今週からは中山競馬が開催、日曜のメインを飾るのは「中山記念」だ。中山の芝1800mは、スタンド前の直線ゴール手前からスタートし、1コーナーまでの距離は205mと短く、さらに緩やかな上り坂になっている。序盤のコース形状からもペースは速くなりにくく、コーナー4つを回ることからも、逃げ・先行が有利となりやすいのが特徴の一つである。
中山記念の過去10年のデータを見てみても、逃げ馬は「0-2-2-6」と勝ち星こそ挙げれていないが、複勝率は40%と逃げ馬の成績としてはまずまずの成績と言える。今年の中山記念は、逃げる可能性の高い馬が3頭出走を予定している。マルターズアポジー、マイネルハニー、アエロリットの3頭だ。
中でも高い確率でハナを切りそうなのがマルターズアポジーだ。これまでデビューから24戦走ってきて、その全てのレースでハナを切っている生粋の逃げ馬である。重賞も逃げ切って3勝しており、その内訳も新潟1600m、小倉1800m、福島2000mと、距離やコースが違ってもお構いなしだ。嵌れば来る。そんな馬である。
面白いのが、勝利したこの3戦全てにマイネルハニーも出走していたという点。「先輩の前を走るなんて恐れ多い」と言わんばかりに番手につけて負けているのだが、マイネルハニーも通算21戦中11戦を逃げている立派な逃げ馬だ。ただ、得意のロケットスタートが武器のマルターズアポジーの前に出るのは至難の業。今回も番手につけていくしかなさそうだ。

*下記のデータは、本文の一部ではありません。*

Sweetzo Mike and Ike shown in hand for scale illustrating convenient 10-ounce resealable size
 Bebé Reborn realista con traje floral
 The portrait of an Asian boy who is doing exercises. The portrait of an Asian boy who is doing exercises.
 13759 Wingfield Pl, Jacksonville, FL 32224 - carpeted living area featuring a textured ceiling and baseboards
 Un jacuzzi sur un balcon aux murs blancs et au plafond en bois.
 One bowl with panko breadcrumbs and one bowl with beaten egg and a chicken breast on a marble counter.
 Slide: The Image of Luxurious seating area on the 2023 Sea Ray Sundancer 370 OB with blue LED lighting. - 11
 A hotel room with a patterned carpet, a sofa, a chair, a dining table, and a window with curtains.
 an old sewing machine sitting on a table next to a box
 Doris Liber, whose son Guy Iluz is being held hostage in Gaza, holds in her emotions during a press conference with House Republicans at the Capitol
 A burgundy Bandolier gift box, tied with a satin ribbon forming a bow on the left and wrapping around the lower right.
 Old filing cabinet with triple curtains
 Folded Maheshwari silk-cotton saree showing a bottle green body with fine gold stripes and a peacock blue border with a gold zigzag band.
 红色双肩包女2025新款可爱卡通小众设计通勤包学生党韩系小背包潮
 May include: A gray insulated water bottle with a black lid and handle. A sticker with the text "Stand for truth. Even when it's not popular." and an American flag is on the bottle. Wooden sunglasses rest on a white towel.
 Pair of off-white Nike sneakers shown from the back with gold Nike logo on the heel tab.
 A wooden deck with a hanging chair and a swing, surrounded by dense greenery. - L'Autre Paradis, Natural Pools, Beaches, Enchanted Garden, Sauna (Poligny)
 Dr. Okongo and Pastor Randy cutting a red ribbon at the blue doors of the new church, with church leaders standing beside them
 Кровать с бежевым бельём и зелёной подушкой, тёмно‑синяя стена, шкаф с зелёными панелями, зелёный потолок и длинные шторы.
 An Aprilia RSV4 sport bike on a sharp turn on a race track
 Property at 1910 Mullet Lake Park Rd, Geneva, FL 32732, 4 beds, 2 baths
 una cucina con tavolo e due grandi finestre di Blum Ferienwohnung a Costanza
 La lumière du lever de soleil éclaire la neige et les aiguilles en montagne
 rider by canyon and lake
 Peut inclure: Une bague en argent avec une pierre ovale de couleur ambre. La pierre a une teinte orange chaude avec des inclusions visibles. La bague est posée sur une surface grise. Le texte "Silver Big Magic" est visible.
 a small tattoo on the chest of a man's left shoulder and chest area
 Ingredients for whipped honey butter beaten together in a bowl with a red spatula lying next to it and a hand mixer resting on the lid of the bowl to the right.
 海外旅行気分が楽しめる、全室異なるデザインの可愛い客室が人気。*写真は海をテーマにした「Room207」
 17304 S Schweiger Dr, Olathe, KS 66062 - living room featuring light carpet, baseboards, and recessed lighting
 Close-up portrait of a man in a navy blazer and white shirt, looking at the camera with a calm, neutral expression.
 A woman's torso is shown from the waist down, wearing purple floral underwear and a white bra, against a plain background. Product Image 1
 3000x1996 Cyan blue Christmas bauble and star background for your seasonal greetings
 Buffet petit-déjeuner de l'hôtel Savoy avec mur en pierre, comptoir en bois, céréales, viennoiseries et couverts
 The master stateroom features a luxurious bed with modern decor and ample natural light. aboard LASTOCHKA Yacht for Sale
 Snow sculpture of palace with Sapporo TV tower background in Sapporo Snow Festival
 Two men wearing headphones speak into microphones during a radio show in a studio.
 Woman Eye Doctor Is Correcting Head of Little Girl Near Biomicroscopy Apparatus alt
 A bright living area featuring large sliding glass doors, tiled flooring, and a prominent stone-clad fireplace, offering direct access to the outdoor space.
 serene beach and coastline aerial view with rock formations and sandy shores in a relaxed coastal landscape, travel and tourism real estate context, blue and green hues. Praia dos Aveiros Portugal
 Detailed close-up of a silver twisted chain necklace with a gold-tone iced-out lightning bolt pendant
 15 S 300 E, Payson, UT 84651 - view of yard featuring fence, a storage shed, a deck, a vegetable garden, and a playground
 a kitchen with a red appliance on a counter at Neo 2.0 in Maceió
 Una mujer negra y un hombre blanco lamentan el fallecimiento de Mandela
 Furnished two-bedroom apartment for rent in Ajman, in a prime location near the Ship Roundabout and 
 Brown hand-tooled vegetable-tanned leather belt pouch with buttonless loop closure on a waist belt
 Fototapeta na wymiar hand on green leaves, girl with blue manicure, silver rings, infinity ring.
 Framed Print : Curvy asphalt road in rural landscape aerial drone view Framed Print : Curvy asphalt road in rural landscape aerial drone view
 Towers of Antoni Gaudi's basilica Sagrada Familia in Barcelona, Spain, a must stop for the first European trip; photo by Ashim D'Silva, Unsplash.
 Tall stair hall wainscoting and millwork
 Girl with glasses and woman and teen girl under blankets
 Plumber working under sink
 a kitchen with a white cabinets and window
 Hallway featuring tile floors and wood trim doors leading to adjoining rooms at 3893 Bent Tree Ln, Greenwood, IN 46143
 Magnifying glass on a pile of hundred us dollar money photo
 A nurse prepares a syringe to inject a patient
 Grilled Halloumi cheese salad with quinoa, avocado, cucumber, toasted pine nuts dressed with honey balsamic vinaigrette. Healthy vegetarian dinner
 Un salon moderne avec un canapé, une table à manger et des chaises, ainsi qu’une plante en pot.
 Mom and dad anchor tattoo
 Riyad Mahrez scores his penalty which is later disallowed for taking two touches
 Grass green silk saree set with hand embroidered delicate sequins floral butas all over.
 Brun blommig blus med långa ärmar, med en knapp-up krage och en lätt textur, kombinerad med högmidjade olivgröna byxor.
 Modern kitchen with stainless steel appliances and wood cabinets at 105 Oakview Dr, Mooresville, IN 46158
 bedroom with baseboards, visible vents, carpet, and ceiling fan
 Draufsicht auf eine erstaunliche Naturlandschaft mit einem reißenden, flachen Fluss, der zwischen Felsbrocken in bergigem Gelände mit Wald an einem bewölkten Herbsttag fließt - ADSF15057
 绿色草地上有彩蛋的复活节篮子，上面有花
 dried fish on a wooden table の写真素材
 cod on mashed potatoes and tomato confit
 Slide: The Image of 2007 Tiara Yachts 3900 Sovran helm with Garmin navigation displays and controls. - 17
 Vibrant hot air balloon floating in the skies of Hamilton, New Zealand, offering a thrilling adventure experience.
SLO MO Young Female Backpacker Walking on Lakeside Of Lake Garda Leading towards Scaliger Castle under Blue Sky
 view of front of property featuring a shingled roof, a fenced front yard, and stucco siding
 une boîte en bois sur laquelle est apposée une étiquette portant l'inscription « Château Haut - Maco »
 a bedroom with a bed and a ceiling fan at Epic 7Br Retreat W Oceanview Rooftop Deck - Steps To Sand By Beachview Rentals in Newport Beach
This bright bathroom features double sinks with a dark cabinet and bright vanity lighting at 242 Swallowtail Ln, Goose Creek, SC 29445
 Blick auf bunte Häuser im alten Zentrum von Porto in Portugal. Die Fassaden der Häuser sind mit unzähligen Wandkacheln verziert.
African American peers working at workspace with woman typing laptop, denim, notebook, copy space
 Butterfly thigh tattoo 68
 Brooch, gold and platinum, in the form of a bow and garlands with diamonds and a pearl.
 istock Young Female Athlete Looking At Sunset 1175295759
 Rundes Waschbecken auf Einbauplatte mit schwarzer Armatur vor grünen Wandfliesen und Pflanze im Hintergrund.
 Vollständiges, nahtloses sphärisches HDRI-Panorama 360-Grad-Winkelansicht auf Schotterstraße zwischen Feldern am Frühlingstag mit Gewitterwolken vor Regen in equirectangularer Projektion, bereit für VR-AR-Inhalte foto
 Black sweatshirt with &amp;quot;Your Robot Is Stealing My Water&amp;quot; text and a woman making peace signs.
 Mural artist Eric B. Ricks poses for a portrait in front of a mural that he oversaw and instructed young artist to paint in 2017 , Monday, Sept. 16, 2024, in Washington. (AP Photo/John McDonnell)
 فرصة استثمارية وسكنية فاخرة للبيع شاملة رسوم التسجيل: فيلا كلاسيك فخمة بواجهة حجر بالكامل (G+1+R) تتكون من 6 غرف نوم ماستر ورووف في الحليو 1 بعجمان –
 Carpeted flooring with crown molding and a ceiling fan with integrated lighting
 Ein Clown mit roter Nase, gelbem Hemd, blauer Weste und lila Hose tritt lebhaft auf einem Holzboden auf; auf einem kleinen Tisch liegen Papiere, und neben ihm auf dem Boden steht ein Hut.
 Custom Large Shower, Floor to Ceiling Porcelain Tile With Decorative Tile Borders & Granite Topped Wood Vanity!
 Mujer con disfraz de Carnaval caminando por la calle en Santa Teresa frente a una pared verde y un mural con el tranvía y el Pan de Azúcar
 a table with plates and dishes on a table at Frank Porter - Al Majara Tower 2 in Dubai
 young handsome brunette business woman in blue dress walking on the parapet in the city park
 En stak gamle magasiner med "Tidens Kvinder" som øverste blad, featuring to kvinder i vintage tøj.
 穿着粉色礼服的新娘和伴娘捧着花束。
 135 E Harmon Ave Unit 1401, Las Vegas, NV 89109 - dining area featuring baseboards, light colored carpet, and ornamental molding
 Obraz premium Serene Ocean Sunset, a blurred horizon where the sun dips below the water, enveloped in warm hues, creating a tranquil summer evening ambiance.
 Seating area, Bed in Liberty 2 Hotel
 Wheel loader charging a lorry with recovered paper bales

そして3頭目のアエロリット。ハナを切って逃げたのは2走前のクイーンSのみだが、3走前のNHKマイルCでは外枠からでも好発を切って番手から進め、直線で抜け出し優勝し、G1初制覇を達成。淀みないペースで流れ、アエロリットにとっておあつらえ向きのレースとなった。逃げても番手でも大崩れしないのがこの馬の強みだ。
逃げ馬3頭が揃ったとは言え、何が何でも逃げたいマルターズアポジーとは競りたくないだろうし、やはり今回もマルターズアポジーがハナを切っていくのが濃厚だろう。今回マルターズアポジーは主戦の武士沢友治騎手から柴田善臣騎手に乗り替わるという点は多少気がかりではあるが、10頭という少頭数にも関わらず前へ行きたい馬がこれだけいるなら、ペースが遅くなるということは考え難いのではないだろうか。
上記では中山芝1800mはコース形態上スローになりやすいと記したが、10頭立てで前へ行きたい馬がこれだけいるとなると、開幕週でも差し・追い込みが決まる可能性もある。今回は中山巧者のM.デムーロ騎手と皐月賞2着馬のペルシアンナイトという最強コンビも出走しており、ペースが早くなればこの馬にもってこいの展開にもなってきそうだ。
データ的には逃げ馬が残るケースも多いレース故、行った行ったの展開で組んで見るのも面白そうだし、早いペースになった場合で予想してみるのも良さそうだ。何れにせよ、逃げ馬は多くとも行くのはマルターズアポジーだとわかっていれば、展開の予想は立てやすいだろう。